# [Work to complete]
Copy only what lies from the line containing "Gedenkschilling zur Hochzeit" through the line containing "His Excellency Abdulla" in the entries below, keeping both end lines exact and dropping every picture.

# [Input records]
"""

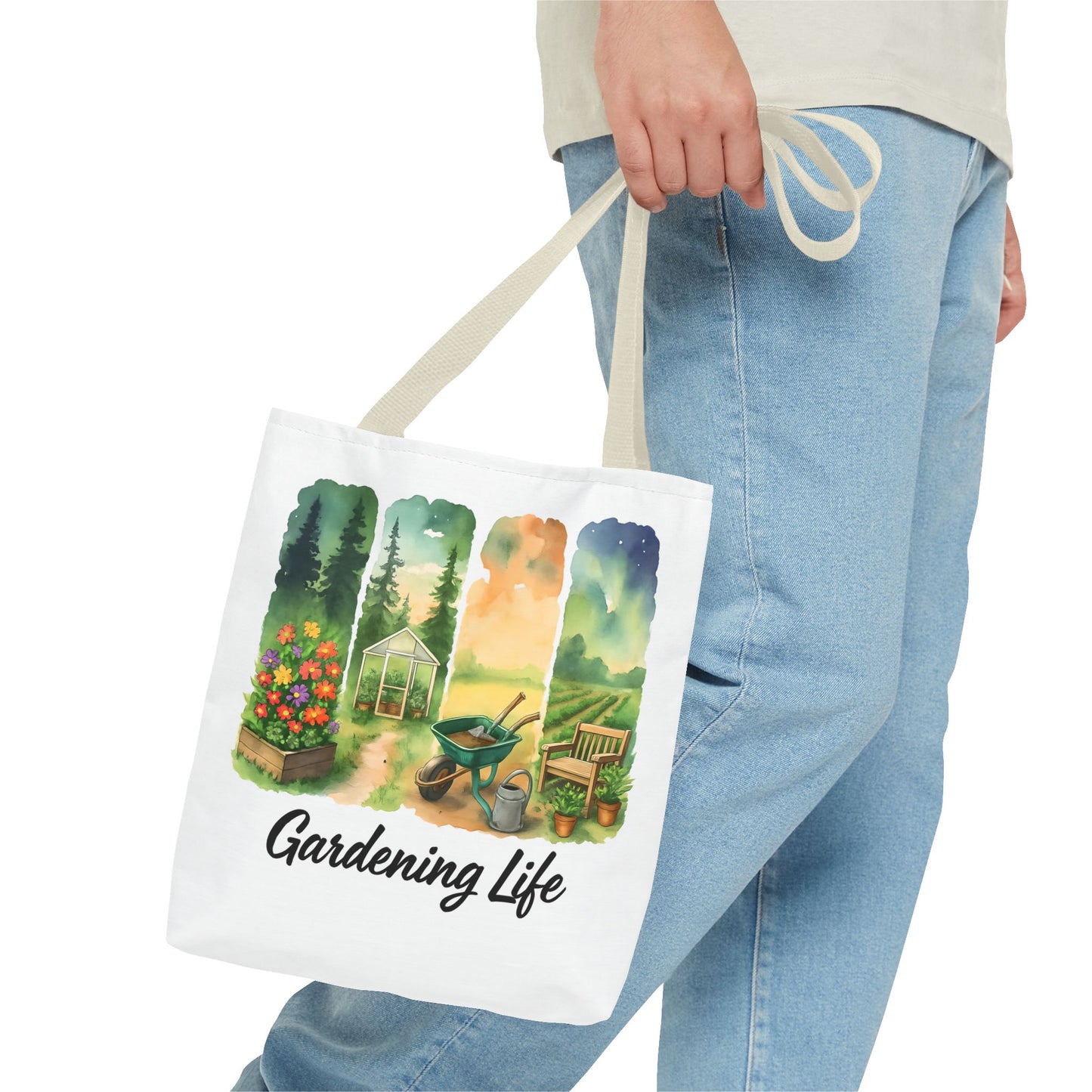 Gardening Life Tote Bag | Gardening Accessory, Shopping Bag, Gift for Gardeners, Floral Design, Reusable Tote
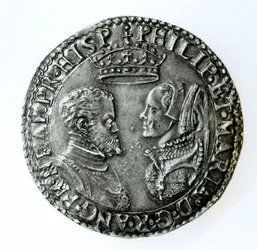 Gedenkschilling zur Hochzeit von Philipp II. von Spanien (1527-98) und Maria I. von England (1516-58) 1554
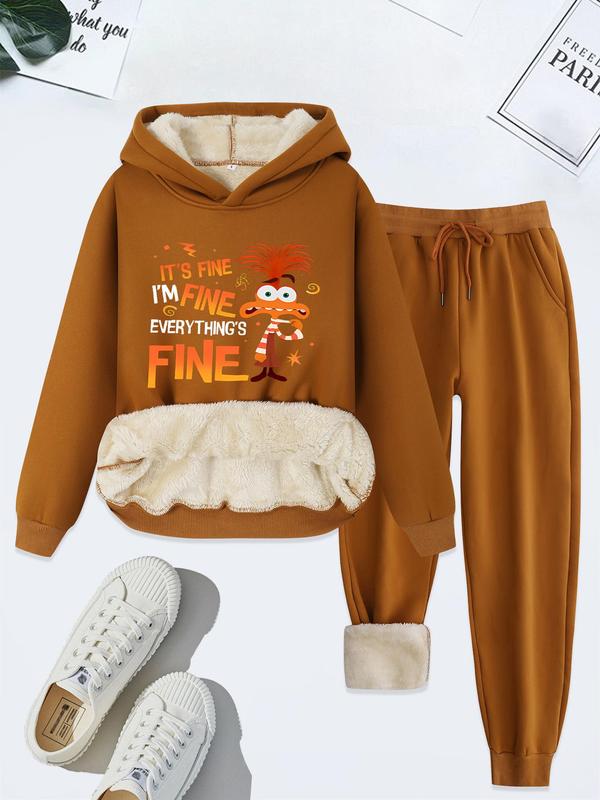 Two-piece Set Women's Letter Print Thermal Lined Sweatshirt & Drawstring Waist Sweatpants Set, Casual Long Sleeve Hooded Sweatshirt  & Pocket Jogger Pants, Women's Fall & Winter Clothes
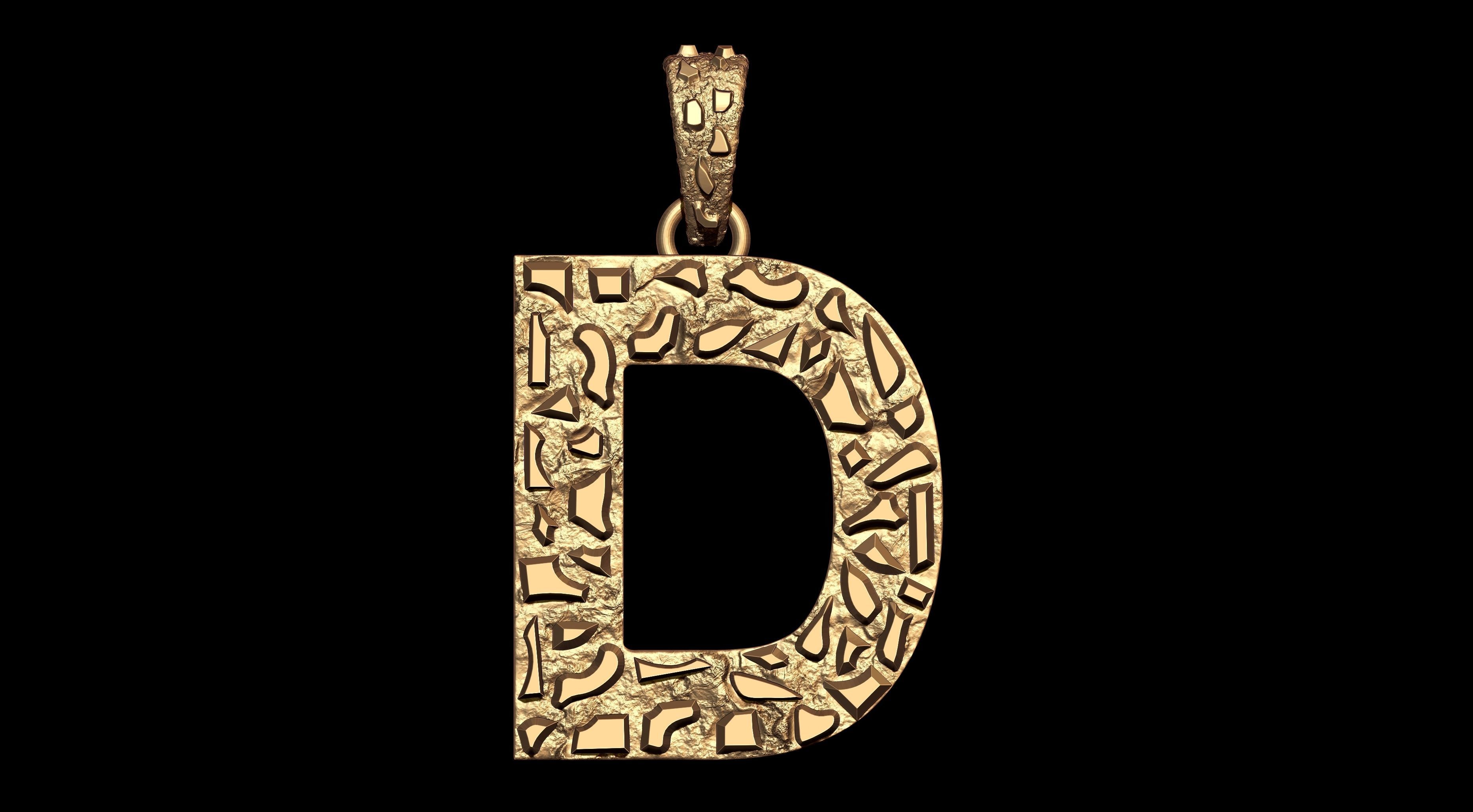 D LETTER INITIAL NUGGET PENDANT 3D print model_2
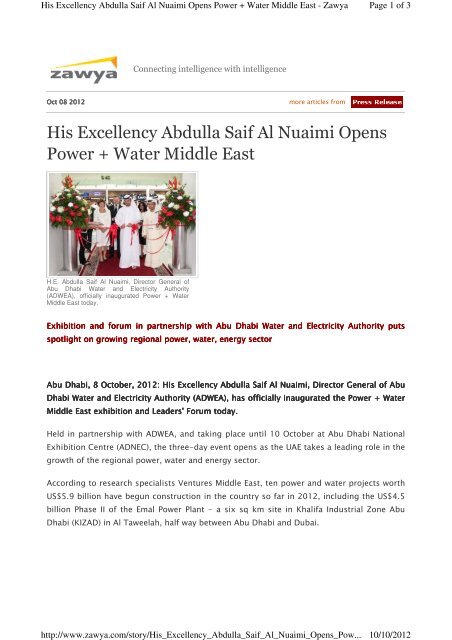 His Excellency Abdulla Saif Al Nuaimi Opens ... - IIR Middle East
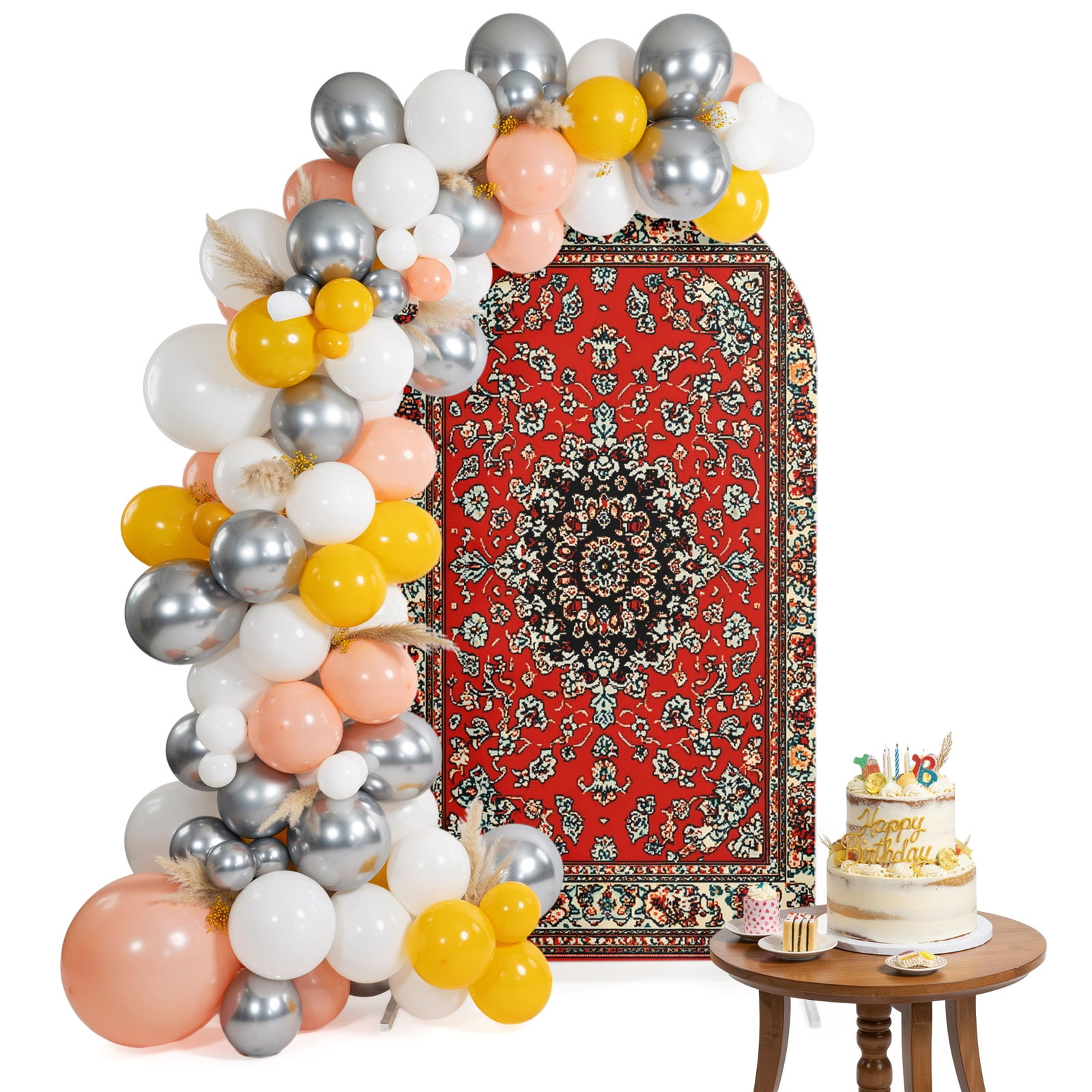 Red Vintage Boho Arch Backdrop Cover 6.6 Ft Luxury Traditional Tribal Art Spandex Fitted Stretchy Arch Cover, Round Top Chiara Backdrop Cover for Wedding Birthday Baby Shower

"""

# [Written response]
 Gedenkschilling zur Hochzeit von Philipp II. von Spanien (1527-98) und Maria I. von England (1516-58) 1554
 Two-piece Set Women's Letter Print Thermal Lined Sweatshirt & Drawstring Waist Sweatpants Set, Casual Long Sleeve Hooded Sweatshirt  & Pocket Jogger Pants, Women's Fall & Winter Clothes
 D LETTER INITIAL NUGGET PENDANT 3D print model_2
 His Excellency Abdulla Saif Al Nuaimi Opens ... - IIR Middle East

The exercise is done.